Scroll untuk membaca artikel
Sekar Anindyah Lamase | Agus Siswanto
Mees Hilgers. (Instagram/meeshilgers)

Setelah sempat adem-ayem, isu naturalisasi dalam tubuh timnas Indonesia merebak lagi. Pangkal masalah adalah ungkapan Hifni Hasan, anggota Komite NOC Indonesia.

“Pertama, saya mau berbicara tentang Coach Shin Tae-yong. Jadi, saya ini orang paling keras untuk masalah naturaliasasi. Saya coba memberitahu beliau, jangan terlalu banyak pemain naturalisasi dibawa ke tubuh sepak bola Indonesia,” kata Hifni Hasan dalam sebuah acara penghargaan, dilansir dari Suara.com.

Apa yang diungkapkan Hifni Hasan menjadi menarik karena disampaikan di depan Shin Tae-yong yang saat itu hadir dalam acara tersebut. Ucapan ini tak urung membuat Valentino Simajutak selaku pemilik acara menjadi tidak enak dengan Shin Tae-yong.

Ucapan Hifni Hasan sontak memunculkan lagi sentimen terhadap para pemain diaspora. Jika sebelumnya Rocky Gerung yang berteriak, kini Hifni Hasan seolah menyiram minyak ke api yang sudah hampir padam itu.
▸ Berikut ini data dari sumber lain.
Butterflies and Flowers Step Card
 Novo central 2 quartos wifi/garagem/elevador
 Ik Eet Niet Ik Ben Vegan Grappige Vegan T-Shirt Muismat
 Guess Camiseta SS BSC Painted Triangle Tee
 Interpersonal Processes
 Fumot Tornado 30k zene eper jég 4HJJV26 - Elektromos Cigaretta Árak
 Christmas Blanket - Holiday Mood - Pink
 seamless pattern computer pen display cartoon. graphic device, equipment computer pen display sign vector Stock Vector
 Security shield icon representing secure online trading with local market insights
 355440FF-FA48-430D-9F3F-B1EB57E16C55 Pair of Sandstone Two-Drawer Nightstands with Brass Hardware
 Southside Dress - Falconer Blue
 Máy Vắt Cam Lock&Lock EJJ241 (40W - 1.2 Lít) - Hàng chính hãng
Namun jika dipikir secara lebih mendalam, program naturalisasi sebenarnya berupa sebuah terobosan menarik yang dilakukan PSSI. Dalam bahasa para motivator, jika sebuah target selama ini gagal diraih, jangan turunkan target itu tapi ubah strateginya.

Hal inilah yang dilakukan PSSI. Selama ini Indonesia hampir tidak bisa berbicara di level Asia, kini semuanya berubah. Indonesia secara perlahan mulai diperhitungkan di level Asia, bahkan mulai merajai ASEAN.

Orang boleh saja mengatakan zaman dahulu timnas Indonesia pernah berjaya meski tanpa pemain naturalisasi. Namun orang lupa, peristiwa itu terjadi di masa lalu saat perkembangan sepak bola belum semaju saat ini.

Kalaupun Indonesia pernah hebat, seharusnya Indonesia pun berkembang bersama dengan negara-negara Asia lainnya, seperti Jepang, Korea, Selatan, Irak, dan lain-lain. Buktinya, Indonesia justru semakin tercecer di belakang.

Maka sebenarnya sangat logis ketika PSSI dan Shin Tae-yong melakukan penambahan amunisi timnas Indonesia dengan para pemain naturalisasi. Sebab untuk bertanding di level Asia, dengan tanpa menganggap rendah pemain lokal, sangat tinggi tingkat persaingannya.

Dampak yang terjadi sekarang, hampir di semua level, timnas Indonesia kini mampu berbicara di Asia. Bahkan, seandainya tidak ada faktor X, mungkin saja timnas Indonesia U-23 kemarin berlaga di Olimpiade Paris 2024.

Berkaca dari itu semua, maka perlu dipahami bagi semua pihak bahwa program naturalisasi merupakan perubahan strategi PSSI untuk mencatatkan nama timnas Indonesia di level Asia. Tentu saja di sisi lain, PSSI pun akan menggarap liga domestic termasuk pembinaannya agar mampu menghasilkan pemain lokal dengan kemampuan internasional.